Boban turns on old boss Infantino’s ‘absurd’ and ‘crazy’ biennial World Cup proposal

By Paul Nicholson

October 11 – Former FIFA Deputy Secretary-General, Zvonimir Boban (pictured), has hammered the idea of a biennial World Cup as an ‘absurdity’ that no ‘normal person’ in football would accept and that “we have to fight it”.

Boban left FIFA after three years to return to his former club AC Milan in 2019, before joining UEFA as Chief of Football in April this year.

Speaking at the Festival of Sport organised by Gazzetta dello Sport in Trento, he argued that there needed to be more consultation over the big issues in football and that eco-system changing orders can’t just be sent down from on high.

He also argued that one major flaw in the international calendar is that it is not travel that is the most damaging to player welfare but having to play three games in a row in expanded international windows.

“Every normal person who understand and respect football, cannot accept the biennial World Cup idea. You would cancel 100 years of history of the World Cup, the best competition in the world (spectators applauding),” he said.

“Football cannot be revolutionized unilaterally without a good consultation with all the parts involved and ordering other institutions to do other things: UEFA must organize EURO every two years, domestic league must cut the number of teams, this and that. The most absurd thing, even if probably clubs don’t realize it yet, is the two windows for international breaks. Three games in a row and a player is dead. Two games you can recover, three not. Travels don’t hurt footballers, too many games in a row do.”

As to the people behind the proposal, he said: “It is such an absurdity that I could never imagine that could come from a president I still love after working with him for three years or from a football person like Wenger. This is idea is so crazy that we really have to fight against it because it would hurt everybody.”

Boban was similarly dismissive of European Super League proposal calling it “a shameful attempt to erase 140 years of football history for personal interests. They have forgotten that they have grown up through small teams, competing with them and creating that fantastic system that is football. The reaction of the people is everything: football is not owned by FIFA, nor by UEFA, not by these gentlemen. It belongs to those who love it.”

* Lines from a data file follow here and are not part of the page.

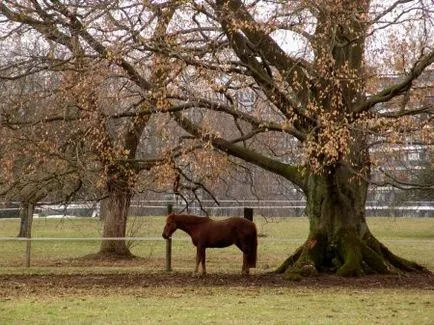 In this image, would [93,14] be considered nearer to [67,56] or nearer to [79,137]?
[67,56]

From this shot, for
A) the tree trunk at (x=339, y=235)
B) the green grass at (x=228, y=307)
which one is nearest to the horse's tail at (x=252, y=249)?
the tree trunk at (x=339, y=235)

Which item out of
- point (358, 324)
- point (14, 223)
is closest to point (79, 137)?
point (358, 324)

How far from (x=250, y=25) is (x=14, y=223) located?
34.8 metres

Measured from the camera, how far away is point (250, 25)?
14.4m

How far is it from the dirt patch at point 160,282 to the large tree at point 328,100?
2.03 ft

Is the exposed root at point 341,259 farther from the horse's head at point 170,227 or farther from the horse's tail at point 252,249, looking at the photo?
the horse's head at point 170,227

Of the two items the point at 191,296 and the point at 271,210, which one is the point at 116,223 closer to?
the point at 191,296

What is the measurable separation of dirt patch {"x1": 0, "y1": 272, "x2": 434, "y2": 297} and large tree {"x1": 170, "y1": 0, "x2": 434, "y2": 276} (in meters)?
0.62

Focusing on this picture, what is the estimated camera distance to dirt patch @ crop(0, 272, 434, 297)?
14281mm

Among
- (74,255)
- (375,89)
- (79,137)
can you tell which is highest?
(375,89)

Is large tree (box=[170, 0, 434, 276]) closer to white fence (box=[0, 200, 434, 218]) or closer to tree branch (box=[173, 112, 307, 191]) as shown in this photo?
tree branch (box=[173, 112, 307, 191])

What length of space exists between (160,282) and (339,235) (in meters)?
4.30

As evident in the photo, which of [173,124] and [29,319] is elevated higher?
[173,124]

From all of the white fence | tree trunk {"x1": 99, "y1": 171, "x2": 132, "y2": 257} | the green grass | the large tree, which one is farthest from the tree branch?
the white fence
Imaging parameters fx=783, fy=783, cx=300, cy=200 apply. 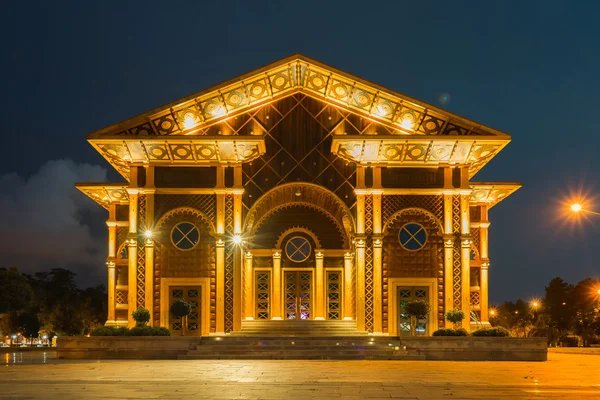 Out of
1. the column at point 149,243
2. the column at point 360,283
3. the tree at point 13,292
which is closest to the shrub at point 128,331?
the column at point 149,243

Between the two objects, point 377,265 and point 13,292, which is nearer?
point 377,265

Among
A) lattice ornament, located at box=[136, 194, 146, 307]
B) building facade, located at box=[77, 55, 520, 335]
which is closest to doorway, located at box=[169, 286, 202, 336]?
building facade, located at box=[77, 55, 520, 335]

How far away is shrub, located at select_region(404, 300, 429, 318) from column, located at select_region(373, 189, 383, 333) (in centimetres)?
175

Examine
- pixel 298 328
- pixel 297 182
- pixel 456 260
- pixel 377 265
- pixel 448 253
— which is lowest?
pixel 298 328

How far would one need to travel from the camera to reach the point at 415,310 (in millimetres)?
29625

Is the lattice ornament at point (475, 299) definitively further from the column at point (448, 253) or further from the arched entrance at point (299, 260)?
the arched entrance at point (299, 260)

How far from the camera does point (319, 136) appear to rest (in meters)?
33.0

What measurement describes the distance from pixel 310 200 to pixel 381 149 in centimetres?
496

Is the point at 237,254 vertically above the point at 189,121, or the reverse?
the point at 189,121

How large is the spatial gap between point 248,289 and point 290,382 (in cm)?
1818

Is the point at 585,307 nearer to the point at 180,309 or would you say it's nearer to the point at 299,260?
the point at 299,260

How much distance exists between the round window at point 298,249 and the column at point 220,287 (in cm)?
503

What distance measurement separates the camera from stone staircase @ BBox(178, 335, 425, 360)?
1049 inches

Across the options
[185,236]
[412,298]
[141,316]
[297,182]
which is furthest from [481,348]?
[185,236] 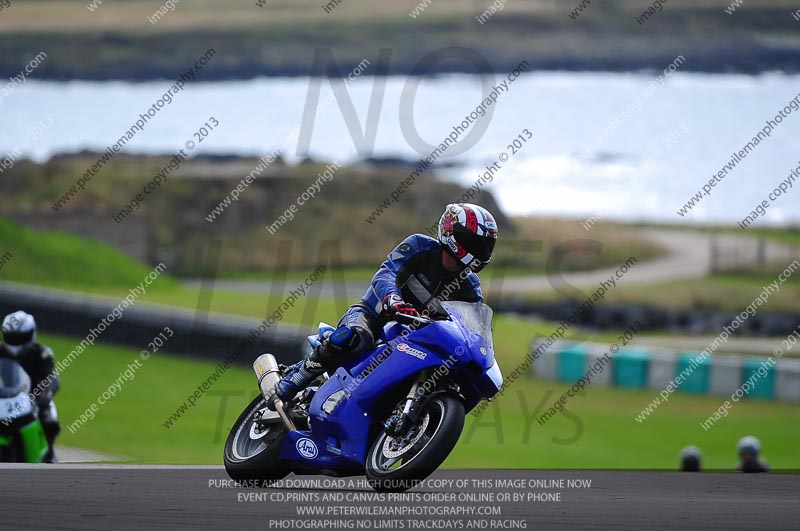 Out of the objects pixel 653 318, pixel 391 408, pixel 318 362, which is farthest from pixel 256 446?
pixel 653 318

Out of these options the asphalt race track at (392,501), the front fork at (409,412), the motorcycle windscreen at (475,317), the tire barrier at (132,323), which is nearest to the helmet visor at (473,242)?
the motorcycle windscreen at (475,317)

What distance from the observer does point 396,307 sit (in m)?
7.68

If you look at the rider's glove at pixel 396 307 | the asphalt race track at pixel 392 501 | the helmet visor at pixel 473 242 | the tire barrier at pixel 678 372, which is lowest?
the asphalt race track at pixel 392 501

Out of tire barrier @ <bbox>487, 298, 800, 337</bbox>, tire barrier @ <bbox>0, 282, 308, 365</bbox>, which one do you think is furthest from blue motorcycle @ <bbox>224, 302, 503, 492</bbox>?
tire barrier @ <bbox>487, 298, 800, 337</bbox>

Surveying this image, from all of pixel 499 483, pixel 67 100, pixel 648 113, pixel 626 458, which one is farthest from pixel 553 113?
pixel 499 483

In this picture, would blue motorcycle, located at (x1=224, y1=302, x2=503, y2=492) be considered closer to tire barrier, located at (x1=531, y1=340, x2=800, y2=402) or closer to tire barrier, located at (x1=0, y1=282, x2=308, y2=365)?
tire barrier, located at (x1=0, y1=282, x2=308, y2=365)

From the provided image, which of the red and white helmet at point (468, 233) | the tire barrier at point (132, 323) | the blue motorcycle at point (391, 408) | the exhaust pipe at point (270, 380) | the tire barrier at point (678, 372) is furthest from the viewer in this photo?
the tire barrier at point (678, 372)

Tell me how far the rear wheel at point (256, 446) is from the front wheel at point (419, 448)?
83 cm

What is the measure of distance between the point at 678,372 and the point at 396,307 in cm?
1624

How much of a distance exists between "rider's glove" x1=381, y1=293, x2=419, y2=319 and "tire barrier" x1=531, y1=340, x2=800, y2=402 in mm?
15795

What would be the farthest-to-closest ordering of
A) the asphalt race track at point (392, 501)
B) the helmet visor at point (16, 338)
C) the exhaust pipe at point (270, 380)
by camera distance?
the helmet visor at point (16, 338), the exhaust pipe at point (270, 380), the asphalt race track at point (392, 501)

Boban’s contempt for the ESL methodology was mirrored at the event by LaLiga CEO Javier Tebas who said: ““I have said it many times to Agnelli (Juventus owner): ‘Do you want to go to the Super League where Real Madrid and Barcelona will earn more and more than you?’”

Tebas also questioned FIFA’s governance in the way it was conducting the process as well as sending an reminder that it isn’t FIFA, and its federations who pay player wages but the clubs who fit the bill and allow FIFA and it members to make money off their workforce.

“Football has a problem with governance. FIFA want to change the international calendar with a unilateral decision. This has an impact on the leagues. If you want to take a decision with an impact on domestic leagues, the FIFA Exco cannot just take the decision with Salomon Islands voting too. With UEFA we have reached agreement with leagues. The biennial World Cup will have an impact on revenues of clubs like Torino and other Italian clubs, no doubt about that. Clubs are giving their employees for free in order to create revenues for others. Leagues cannot just be consulted in the decision-making, they need to be part of the decision,” said Tebas.